++++ Data to examine
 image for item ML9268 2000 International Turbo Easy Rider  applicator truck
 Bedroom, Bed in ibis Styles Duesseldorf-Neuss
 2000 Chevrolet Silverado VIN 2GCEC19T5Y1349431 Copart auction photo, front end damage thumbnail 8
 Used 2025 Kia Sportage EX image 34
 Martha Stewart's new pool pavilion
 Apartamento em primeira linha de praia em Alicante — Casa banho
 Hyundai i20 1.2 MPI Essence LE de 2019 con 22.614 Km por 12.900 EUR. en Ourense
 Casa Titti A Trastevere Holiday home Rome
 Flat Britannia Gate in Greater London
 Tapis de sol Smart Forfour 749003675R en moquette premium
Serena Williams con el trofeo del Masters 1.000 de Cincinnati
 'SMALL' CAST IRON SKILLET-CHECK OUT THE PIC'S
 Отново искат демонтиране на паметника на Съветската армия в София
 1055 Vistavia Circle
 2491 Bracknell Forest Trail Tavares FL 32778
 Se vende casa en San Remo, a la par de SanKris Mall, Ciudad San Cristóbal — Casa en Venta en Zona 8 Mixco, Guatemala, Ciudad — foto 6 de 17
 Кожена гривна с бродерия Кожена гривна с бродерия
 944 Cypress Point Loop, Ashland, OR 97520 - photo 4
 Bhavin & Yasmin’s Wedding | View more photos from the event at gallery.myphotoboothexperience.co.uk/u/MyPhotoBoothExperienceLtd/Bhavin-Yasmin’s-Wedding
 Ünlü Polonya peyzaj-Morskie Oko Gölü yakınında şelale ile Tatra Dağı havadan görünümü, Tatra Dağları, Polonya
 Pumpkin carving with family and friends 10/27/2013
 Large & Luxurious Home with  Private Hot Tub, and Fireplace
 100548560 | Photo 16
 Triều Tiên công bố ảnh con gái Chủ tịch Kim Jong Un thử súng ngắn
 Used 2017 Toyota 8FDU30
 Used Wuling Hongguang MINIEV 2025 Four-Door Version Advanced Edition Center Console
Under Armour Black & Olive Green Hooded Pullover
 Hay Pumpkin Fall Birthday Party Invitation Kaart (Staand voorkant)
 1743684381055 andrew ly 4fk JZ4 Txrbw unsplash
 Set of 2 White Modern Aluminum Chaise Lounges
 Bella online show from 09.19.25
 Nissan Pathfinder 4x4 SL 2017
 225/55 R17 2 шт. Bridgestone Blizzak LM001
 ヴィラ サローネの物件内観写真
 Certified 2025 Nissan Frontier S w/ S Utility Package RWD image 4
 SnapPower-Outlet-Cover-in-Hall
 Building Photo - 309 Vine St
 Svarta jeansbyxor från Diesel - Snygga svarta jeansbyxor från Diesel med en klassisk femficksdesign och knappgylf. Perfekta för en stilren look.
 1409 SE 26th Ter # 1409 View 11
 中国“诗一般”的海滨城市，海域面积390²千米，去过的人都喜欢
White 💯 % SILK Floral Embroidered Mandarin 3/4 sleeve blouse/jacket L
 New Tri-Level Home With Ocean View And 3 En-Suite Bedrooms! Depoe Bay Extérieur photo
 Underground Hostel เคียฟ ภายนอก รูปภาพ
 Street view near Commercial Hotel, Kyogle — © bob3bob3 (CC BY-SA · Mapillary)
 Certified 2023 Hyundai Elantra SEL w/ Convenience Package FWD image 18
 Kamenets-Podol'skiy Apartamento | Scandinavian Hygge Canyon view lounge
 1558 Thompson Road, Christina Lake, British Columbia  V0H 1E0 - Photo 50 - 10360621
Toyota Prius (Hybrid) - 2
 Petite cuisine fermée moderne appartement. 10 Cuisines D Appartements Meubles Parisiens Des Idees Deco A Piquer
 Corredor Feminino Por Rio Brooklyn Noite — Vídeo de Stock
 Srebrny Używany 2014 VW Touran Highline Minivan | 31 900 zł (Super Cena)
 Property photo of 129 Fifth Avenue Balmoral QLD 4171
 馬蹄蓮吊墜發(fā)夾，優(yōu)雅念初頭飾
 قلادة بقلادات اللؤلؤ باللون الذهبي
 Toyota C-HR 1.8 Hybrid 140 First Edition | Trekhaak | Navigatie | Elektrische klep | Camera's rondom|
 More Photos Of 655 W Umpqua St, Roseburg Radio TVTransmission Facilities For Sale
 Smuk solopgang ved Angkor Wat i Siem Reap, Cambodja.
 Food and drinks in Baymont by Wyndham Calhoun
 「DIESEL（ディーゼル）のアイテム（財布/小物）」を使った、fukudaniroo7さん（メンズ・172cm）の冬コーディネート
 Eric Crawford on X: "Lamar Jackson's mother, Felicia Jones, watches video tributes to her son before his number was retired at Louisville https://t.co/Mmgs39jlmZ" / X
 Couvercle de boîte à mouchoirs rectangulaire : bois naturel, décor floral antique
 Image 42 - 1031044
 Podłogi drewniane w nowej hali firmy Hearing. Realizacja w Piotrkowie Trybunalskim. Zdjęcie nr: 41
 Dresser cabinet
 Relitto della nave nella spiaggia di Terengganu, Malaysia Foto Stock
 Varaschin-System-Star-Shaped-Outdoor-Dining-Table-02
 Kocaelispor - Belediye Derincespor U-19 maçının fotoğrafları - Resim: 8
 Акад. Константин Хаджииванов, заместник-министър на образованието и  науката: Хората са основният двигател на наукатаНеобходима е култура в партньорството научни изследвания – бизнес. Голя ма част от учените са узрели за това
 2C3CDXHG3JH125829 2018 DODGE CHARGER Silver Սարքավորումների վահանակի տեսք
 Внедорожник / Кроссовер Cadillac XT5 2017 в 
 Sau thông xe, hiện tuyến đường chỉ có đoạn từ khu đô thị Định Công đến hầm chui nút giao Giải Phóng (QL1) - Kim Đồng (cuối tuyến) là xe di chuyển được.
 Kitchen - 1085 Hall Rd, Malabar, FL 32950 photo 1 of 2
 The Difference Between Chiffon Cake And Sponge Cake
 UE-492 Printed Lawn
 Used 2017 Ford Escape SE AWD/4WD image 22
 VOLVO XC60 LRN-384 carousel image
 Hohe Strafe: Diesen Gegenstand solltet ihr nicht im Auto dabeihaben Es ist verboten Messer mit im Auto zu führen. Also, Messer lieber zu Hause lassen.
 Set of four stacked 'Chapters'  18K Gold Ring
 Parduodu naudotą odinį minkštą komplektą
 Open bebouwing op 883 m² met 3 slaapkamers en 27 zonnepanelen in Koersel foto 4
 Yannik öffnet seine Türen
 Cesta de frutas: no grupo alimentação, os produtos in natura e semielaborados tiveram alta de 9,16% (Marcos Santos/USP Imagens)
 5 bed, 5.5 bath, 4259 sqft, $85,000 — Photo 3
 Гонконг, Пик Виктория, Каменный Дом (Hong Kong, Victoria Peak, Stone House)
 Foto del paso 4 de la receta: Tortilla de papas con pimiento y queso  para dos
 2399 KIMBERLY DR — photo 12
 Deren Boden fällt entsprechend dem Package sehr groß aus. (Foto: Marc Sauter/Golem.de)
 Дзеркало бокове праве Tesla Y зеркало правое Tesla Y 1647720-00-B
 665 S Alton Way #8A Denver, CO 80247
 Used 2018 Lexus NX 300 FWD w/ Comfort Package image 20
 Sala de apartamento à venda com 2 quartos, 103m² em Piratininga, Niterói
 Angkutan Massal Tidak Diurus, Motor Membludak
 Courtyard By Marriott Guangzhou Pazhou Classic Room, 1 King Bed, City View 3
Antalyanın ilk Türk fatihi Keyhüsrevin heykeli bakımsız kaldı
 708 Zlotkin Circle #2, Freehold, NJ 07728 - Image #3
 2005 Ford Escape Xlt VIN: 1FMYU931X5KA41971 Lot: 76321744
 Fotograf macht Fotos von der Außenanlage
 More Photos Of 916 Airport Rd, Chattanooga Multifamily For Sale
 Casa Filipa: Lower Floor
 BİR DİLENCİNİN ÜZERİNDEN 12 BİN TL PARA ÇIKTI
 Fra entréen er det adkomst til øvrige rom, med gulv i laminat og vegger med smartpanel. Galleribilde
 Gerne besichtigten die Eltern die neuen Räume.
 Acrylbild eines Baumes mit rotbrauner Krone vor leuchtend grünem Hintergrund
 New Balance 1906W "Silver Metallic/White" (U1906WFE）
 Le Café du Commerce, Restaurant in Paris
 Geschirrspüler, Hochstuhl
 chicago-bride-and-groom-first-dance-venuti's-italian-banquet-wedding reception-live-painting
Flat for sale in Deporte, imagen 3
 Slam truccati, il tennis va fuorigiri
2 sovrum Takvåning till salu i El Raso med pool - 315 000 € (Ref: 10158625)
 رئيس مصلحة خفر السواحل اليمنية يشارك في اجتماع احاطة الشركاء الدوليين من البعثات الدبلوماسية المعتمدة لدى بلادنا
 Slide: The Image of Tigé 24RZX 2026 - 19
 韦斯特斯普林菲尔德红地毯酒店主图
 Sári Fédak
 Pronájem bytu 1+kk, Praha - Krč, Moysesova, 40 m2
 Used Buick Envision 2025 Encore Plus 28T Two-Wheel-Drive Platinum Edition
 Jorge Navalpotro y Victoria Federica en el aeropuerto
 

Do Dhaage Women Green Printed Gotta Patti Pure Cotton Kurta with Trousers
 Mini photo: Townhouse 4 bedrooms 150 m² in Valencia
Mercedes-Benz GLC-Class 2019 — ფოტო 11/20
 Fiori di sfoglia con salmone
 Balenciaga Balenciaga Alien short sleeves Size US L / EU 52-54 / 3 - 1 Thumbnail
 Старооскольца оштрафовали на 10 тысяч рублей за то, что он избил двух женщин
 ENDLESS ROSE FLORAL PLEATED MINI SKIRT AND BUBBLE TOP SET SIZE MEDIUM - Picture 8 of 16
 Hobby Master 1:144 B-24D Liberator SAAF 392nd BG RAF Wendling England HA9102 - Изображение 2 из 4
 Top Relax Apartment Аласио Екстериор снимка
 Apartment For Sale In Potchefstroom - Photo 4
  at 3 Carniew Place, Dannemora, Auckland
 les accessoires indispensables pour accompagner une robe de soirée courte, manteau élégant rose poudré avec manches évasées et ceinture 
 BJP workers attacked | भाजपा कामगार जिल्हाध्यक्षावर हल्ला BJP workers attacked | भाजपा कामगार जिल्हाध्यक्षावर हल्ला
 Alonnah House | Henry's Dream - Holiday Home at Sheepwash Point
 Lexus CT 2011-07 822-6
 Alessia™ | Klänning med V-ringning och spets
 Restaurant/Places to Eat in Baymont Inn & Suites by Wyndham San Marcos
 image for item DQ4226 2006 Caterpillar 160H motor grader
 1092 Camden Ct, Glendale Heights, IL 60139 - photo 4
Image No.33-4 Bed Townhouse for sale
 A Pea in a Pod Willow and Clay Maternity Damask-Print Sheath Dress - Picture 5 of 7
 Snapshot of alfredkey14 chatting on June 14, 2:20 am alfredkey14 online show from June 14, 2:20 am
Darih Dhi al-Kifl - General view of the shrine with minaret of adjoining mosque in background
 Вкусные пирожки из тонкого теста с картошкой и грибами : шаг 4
++++++++
Count the lines in the entries that hold the word "White", and give nothing but the total.

3